Increasing water scarcity in the country could lead to food insecurity in the coming years as 90 percent of the total available water is used for irrigation with 80 percent farmland in the country. According to a report of the Asian Development Bank (ADB), Pakistan is one of the most water-stressed countries in the world, not far from being classified as "water scarce," with less than 1,000 cubic meters per person per year.
Water demand exceeds supply, which has caused maximum withdrawal from reservoirs, it says, adding that at present, Pakistan's storage capacity is limited to a 30-day supply, well below the recommended 1,000 days for countries with a similar climate. The report says that climate change is affecting snowmelt and reducing flows into the Indus River, the main supply source. Increases in storage capacity to manage periods of low snowmelt and low rainfall are required, as well as the rehabilitation of the distribution system to reduce losses.
"Improved water management is critical to deliver sufficient water to the 80 percent of farmland in the country that is irrigated," it says.

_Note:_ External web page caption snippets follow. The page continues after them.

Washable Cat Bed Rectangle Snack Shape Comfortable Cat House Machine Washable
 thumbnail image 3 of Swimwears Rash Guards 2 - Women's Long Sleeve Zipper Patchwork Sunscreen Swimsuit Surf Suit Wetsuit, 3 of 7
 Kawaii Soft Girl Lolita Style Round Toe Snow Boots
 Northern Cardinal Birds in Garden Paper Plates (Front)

Pervaiz Amir, country director of the Pakistan Water Partnership, told Business Recorder that in Pakistan 90 percent of water is used in agriculture and if this is not reduced, within five to ten years farmers in the Indus basin will no longer be able to grow water-intensive cash crops like sugar cane, rice and cotton.
He said the country's wheat production fell by 1.5 million tons last year due to water shortages and hail storms in some parts of the Indus basin. Amir said the government should promote strip cropping and encourage farmers to grow a more diverse range of gains, such as millet, maize and sorghum, to boost food security besides providing them more resilient seeds.
According to a study of the International Water-logging and Salinity Research Institute (IWASRI), part of the Water and Power Development Authority, about 145 million acre-feet of water flows through Pakistan each year, but the country's existing storage capacity is only 14 million acre-feet, meaning it can only store enough water to last 30 days. The international standard is 120 days.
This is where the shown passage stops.